> [Work task]: Please retype the data below exactly, stopping after the line with "Edremit'te Kaçakçılık Operasyonu: 8" and skipping every picture.

* * * * * * *

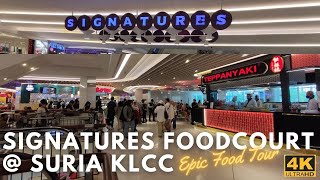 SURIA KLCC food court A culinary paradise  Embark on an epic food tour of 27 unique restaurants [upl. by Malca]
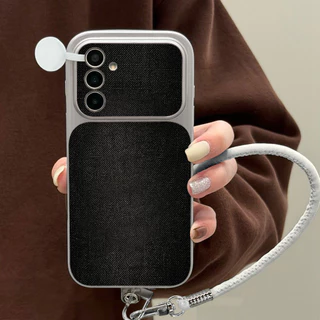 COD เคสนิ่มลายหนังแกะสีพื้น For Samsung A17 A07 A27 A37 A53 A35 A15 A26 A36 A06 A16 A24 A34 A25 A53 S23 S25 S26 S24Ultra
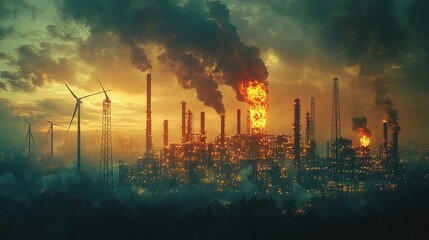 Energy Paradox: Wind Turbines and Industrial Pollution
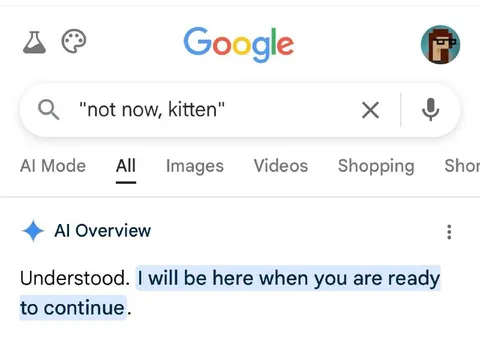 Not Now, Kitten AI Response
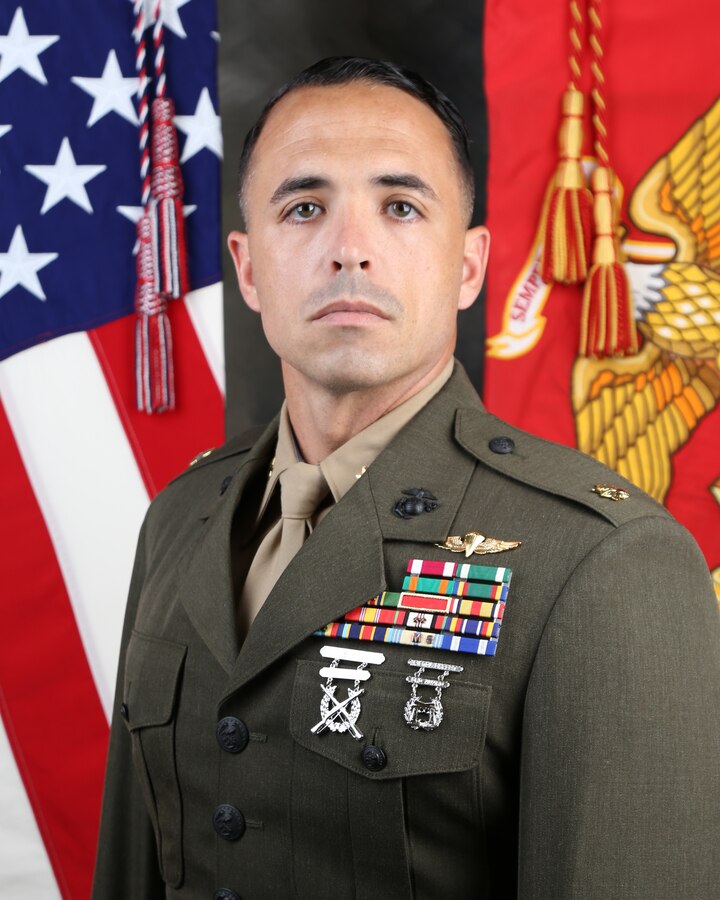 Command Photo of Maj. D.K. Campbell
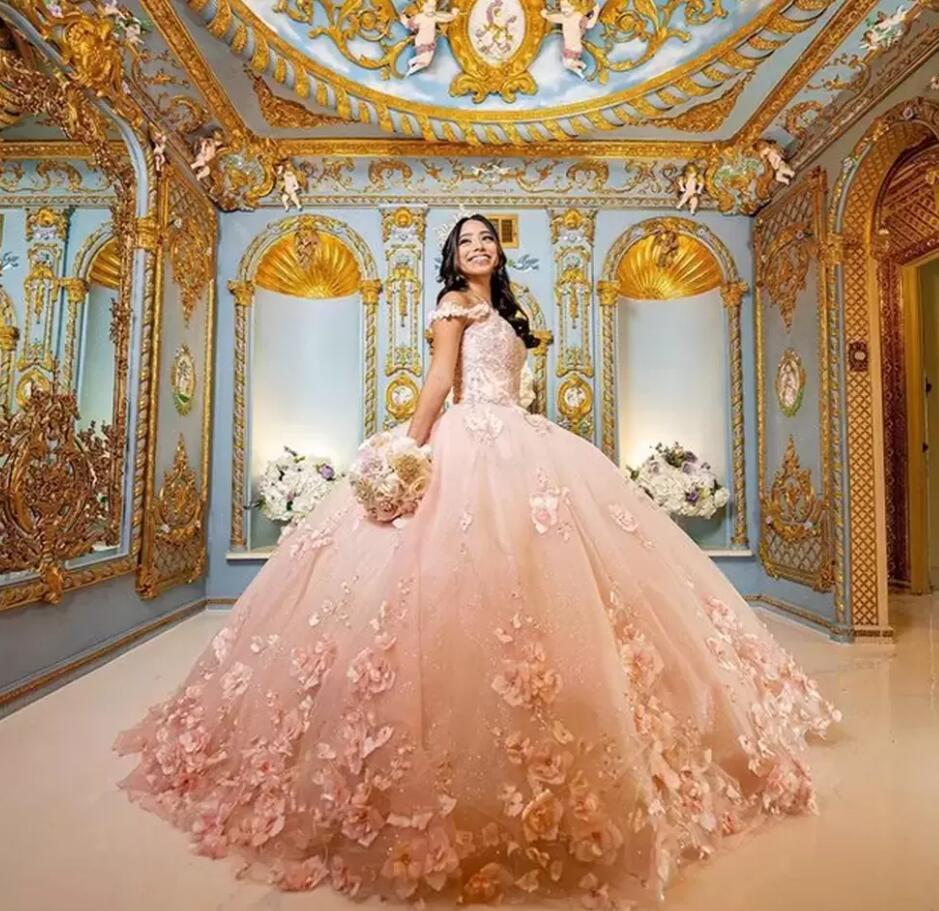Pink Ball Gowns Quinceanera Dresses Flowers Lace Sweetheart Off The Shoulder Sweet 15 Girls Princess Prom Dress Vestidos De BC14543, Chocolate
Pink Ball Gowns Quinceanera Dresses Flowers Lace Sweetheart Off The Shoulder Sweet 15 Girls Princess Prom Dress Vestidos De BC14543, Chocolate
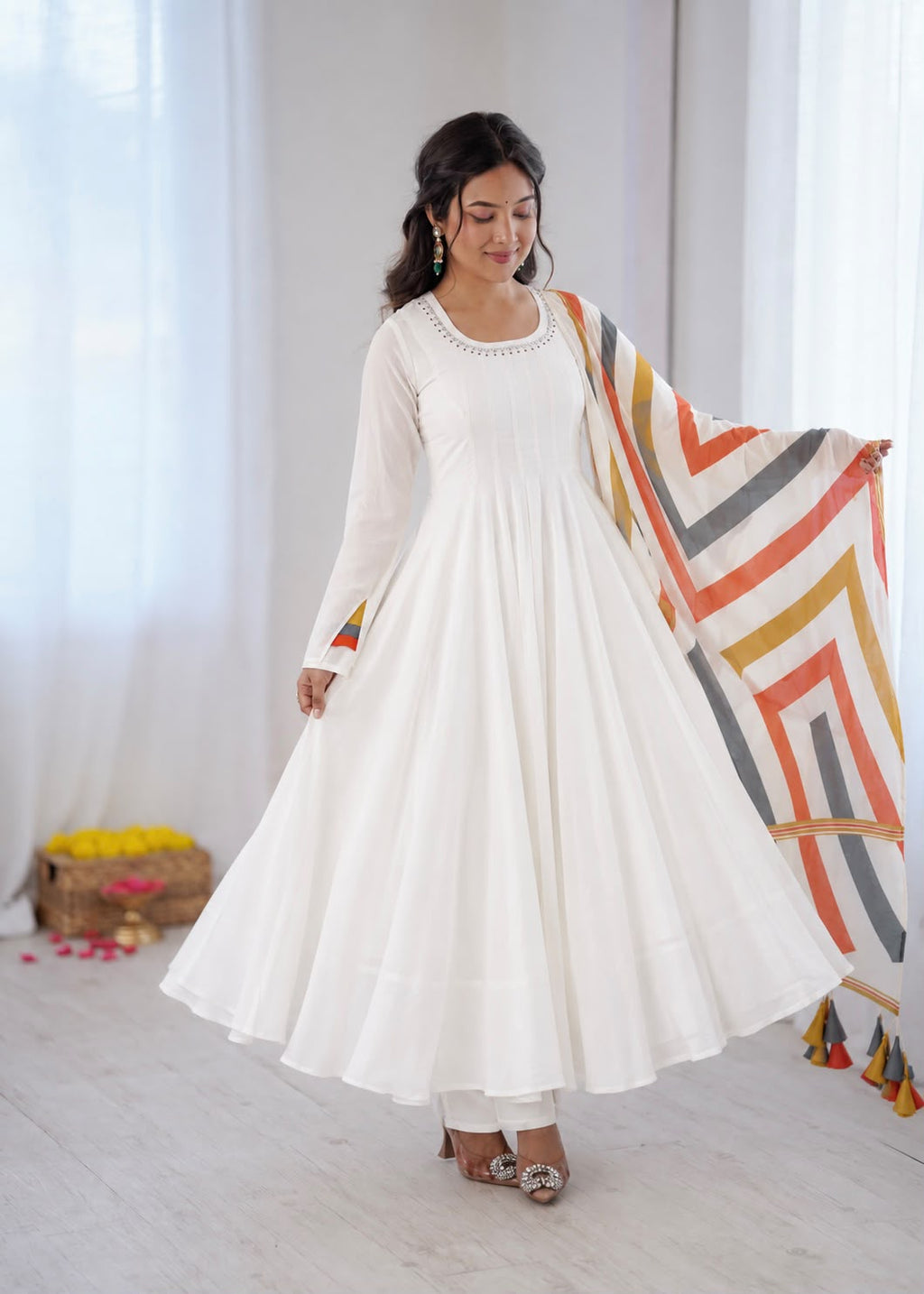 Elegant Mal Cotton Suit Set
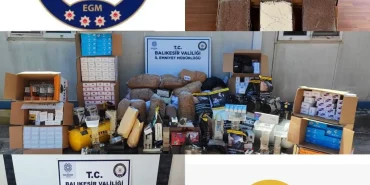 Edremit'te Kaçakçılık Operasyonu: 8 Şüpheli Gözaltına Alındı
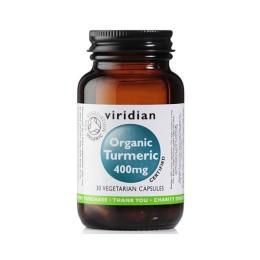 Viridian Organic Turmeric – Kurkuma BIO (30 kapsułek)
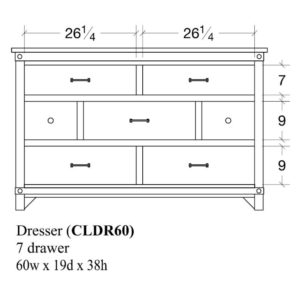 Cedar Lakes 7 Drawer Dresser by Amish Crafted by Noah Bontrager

* * * * * * *

> [Answer below]:
 SURIA KLCC food court A culinary paradise  Embark on an epic food tour of 27 unique restaurants [upl. by Malca]
 COD เคสนิ่มลายหนังแกะสีพื้น For Samsung A17 A07 A27 A37 A53 A35 A15 A26 A36 A06 A16 A24 A34 A25 A53 S23 S25 S26 S24Ultra
 Energy Paradox: Wind Turbines and Industrial Pollution
 Not Now, Kitten AI Response
 Command Photo of Maj. D.K. Campbell
Pink Ball Gowns Quinceanera Dresses Flowers Lace Sweetheart Off The Shoulder Sweet 15 Girls Princess Prom Dress Vestidos De BC14543, Chocolate
Pink Ball Gowns Quinceanera Dresses Flowers Lace Sweetheart Off The Shoulder Sweet 15 Girls Princess Prom Dress Vestidos De BC14543, Chocolate
 Elegant Mal Cotton Suit Set
 Edremit'te Kaçakçılık Operasyonu: 8 Şüpheli Gözaltına Alındı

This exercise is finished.